Entretien auprès de Philippe Anton

Entretien par Denis Cristol, mené auprès de Philippe Anton, chargé de mission DGS à la Mairie de Limoges.

Aujourd’hui, qu’est ce qui vous semble le plus important pour vous dans vos fonctions de chargé de mission au sein de la Mairie de Limoges ? 

En tant que chargé de mission DGS au sein de la municipalité de Limoges, je considère aujourd’hui que l’aspect le plus important concerne les aspects méthodologiques. C’est en effet la question des méthodologies dites innovantes qui me semblent essentielles, pour animer et dynamiser les territoires.

Il est en effet fondamental que ces méthodologies inspirantes puissent infuser dans les territoires et que les acteurs traditionnels guidés par leurs vieux réflexes bureaucratiques  s’impliquent.

Comment dans les faits, un territoire apprend ? 

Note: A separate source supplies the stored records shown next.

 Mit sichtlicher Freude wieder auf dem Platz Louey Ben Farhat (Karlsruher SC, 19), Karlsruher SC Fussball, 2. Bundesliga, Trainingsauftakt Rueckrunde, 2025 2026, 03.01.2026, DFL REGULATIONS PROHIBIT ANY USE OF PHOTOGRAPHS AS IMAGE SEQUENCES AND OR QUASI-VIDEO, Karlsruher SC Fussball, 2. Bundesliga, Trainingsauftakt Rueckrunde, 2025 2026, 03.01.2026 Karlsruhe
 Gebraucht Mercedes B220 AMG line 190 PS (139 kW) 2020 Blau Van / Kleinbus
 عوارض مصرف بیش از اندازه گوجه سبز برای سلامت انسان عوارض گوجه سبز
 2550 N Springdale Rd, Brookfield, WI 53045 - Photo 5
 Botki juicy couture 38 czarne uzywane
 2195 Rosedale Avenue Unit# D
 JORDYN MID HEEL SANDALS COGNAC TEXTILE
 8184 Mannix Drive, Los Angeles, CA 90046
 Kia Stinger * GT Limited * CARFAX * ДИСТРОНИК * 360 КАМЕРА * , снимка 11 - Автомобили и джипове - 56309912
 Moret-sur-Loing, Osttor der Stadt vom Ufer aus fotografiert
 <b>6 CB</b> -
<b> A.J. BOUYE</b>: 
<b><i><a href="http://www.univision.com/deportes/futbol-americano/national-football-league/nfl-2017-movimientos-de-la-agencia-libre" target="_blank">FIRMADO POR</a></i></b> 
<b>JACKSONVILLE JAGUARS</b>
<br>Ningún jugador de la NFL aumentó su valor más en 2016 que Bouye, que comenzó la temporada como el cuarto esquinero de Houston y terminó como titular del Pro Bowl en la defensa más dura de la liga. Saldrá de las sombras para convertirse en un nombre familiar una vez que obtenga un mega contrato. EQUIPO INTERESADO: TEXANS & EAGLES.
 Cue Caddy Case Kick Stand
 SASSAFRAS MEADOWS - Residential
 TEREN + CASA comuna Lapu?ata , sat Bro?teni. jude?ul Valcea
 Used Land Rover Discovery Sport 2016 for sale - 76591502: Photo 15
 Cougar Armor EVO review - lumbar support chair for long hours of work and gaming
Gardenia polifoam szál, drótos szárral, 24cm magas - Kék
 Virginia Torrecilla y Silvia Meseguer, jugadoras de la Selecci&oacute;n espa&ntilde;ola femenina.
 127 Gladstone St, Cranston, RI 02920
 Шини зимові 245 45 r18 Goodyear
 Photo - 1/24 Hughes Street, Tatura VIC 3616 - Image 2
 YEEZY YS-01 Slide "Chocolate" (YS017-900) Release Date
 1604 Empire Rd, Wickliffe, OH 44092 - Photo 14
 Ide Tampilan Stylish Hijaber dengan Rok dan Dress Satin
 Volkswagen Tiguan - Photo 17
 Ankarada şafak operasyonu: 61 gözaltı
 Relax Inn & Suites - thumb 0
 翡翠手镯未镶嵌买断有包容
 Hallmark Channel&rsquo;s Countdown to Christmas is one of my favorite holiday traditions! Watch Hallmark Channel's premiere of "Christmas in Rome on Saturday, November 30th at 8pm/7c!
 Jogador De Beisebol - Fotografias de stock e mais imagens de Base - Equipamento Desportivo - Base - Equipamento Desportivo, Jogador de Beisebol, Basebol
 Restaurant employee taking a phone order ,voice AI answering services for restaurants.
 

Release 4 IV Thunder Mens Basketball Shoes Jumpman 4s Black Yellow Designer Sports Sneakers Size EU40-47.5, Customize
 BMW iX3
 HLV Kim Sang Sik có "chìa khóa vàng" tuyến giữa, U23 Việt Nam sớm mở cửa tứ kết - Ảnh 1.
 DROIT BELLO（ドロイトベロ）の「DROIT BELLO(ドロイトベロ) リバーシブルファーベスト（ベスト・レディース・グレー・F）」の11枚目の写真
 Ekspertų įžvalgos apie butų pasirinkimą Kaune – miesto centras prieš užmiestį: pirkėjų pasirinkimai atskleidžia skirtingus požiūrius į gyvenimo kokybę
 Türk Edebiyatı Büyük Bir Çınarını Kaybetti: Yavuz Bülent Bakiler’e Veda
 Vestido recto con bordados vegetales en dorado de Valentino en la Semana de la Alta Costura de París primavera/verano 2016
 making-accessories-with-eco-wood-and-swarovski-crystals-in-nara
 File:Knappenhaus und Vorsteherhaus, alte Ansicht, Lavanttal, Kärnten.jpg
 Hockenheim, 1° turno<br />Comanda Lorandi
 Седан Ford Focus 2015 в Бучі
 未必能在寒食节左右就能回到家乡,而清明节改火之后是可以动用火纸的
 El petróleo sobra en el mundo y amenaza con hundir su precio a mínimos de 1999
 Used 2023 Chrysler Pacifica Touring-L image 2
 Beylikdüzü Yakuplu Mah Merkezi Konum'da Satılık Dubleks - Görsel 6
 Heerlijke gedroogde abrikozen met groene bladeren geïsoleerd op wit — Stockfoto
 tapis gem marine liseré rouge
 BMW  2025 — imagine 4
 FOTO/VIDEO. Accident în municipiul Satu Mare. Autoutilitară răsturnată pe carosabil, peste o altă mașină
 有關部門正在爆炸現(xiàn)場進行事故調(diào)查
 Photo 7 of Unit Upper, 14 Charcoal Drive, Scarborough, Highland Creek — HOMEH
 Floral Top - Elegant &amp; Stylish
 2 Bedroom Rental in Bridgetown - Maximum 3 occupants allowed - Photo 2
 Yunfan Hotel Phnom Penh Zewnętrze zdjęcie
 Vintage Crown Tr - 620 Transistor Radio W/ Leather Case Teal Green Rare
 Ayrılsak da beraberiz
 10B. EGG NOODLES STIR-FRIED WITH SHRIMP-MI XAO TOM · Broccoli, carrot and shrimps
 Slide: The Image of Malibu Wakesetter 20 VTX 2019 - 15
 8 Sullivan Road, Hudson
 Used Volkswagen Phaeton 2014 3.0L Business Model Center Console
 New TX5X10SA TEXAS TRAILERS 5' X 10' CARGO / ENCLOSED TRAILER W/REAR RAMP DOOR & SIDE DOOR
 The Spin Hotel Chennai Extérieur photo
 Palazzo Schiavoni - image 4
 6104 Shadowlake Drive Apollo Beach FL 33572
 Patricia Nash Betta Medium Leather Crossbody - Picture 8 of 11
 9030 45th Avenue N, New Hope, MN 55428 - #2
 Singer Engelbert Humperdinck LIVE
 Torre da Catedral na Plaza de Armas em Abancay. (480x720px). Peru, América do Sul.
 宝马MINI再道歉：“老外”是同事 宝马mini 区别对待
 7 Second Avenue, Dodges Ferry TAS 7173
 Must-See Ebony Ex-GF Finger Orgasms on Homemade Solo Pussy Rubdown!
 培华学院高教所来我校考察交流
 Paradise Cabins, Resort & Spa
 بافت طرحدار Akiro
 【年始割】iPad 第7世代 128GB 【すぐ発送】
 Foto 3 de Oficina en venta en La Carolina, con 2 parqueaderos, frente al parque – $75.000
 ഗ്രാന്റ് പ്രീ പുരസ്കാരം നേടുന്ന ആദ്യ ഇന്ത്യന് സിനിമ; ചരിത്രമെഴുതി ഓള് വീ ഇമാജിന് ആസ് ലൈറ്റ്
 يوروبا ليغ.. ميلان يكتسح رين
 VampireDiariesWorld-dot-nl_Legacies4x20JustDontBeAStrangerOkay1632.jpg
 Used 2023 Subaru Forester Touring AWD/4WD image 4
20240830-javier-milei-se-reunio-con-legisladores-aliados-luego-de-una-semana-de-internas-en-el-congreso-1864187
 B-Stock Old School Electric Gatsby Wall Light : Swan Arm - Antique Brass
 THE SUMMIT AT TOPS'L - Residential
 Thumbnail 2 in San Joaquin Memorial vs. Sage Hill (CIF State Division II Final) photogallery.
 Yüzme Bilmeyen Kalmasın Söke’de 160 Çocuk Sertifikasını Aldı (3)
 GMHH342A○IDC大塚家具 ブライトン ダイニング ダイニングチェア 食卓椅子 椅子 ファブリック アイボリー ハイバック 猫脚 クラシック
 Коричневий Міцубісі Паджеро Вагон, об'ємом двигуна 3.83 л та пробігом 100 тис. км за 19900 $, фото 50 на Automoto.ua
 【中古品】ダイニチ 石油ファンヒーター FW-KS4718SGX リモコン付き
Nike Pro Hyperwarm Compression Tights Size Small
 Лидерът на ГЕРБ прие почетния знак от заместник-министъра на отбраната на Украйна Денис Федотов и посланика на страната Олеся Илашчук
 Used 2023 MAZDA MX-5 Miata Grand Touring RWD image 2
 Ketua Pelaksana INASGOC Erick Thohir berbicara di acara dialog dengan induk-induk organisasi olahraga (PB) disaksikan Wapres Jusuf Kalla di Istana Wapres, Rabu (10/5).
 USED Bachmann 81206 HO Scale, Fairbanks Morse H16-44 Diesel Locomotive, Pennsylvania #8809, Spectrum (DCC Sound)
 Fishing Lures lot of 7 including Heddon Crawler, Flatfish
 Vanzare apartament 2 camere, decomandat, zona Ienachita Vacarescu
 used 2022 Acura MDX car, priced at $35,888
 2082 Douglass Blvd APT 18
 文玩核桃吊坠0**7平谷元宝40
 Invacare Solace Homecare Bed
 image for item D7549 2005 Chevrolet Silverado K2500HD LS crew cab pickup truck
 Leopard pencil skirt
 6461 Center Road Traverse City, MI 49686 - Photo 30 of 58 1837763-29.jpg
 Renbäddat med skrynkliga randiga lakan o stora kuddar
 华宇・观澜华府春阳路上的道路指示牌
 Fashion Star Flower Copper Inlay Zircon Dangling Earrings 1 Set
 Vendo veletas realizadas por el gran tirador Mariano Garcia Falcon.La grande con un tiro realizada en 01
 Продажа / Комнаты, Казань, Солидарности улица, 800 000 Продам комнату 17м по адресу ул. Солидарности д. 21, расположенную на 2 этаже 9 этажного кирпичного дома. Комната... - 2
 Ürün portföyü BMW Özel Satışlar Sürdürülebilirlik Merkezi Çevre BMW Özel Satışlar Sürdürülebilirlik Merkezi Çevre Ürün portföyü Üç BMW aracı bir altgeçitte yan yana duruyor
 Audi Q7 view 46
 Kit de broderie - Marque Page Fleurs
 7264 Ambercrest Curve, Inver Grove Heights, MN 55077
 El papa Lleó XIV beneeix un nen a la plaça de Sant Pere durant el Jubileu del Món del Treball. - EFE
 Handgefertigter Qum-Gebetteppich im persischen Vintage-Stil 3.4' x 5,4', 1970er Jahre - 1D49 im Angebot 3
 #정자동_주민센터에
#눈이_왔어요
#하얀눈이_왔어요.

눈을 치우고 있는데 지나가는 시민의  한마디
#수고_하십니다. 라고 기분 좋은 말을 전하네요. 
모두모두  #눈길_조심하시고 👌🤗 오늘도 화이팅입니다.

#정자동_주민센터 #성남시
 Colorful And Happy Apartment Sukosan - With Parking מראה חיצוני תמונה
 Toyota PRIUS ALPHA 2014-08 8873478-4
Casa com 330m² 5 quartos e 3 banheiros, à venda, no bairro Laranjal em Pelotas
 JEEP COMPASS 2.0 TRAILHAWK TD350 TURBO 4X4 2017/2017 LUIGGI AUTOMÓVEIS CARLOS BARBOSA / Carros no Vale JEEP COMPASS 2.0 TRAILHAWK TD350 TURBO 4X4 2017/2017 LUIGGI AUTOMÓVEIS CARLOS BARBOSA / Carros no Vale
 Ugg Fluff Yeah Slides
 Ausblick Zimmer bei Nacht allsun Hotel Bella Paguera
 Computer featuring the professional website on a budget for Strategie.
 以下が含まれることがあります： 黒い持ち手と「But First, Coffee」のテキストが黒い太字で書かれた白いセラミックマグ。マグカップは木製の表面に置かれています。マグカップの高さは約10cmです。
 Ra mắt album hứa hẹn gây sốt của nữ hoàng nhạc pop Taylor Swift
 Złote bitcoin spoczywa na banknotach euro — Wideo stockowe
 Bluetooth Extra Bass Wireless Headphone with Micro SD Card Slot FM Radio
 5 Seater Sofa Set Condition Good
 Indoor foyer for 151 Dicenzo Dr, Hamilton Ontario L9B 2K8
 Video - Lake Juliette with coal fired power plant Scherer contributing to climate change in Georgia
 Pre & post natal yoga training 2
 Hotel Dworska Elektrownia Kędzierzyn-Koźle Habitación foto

Bonne question. En fait, un territoire peut apprendre, en développant au sein de de son écosystème, une approche prospective et participative. Une telle démarche  pourrait notamment se traduire à différents étages stratégiques , intermédiaires et opérationnels. Cela passe par un management de communautés de pratiques de différents formats et styles, dans lesquels la construction et la médiatisation des instruments psychologiques et sociaux constituent des leviers d’apprentissage inter-organisationnels .

Il faut ici être conscient que les soutiens dans ce type de démarche sont fondamentaux ,  notamment la Direction des Ressources Humaines  ( voir sur ce point, les travaux d’Henri  Savall à ce sujet) .

La question qui pourrait être intéressante serait de voir comment concrètement on peut arriver à innover au sein d’un territoire donné, sans les soutiens des RH, et l’apport de l’exécutif politique et administratif.

Que risque-t-on de ne pas innover ? 

Le risque est de s’enfermer dans un gel des pratiques, qui risque de produire des actions routinières issues du passé et peu en lien avec les attentes du territoire.

Un autre risque concerne naturellement les effets liés à l’automatisation et la routinisation opératoires ( cf. champ clinique de l’activité) qui limitent l’initiative, l’expérimentation et l’innovation terrain.

Quelle intelligence collective susciter pour créer de nouvelles valeurs ajoutées sur le territoire ?

Au regard de ce qu’on peut voir dans différents travaux centrés sur l’intelligence collective, il existe plusieurs écueils dans le domaine des démarches participatives. Une telle approche ne va pas nécessairement de soi et demande attention et précaution.

Cela nécessite notamment la construction de formes d’espaces hybrides avec une ingénierie de ces espaces, dont le point cardinal pourrait s’appuyer sur la construction d’un socle valoriel travaillé dans une démarche de préfiguration. C’est à cette condition que l’on peut envisager de manière raisonnable et efficace, de vraies innovations sur le territoire.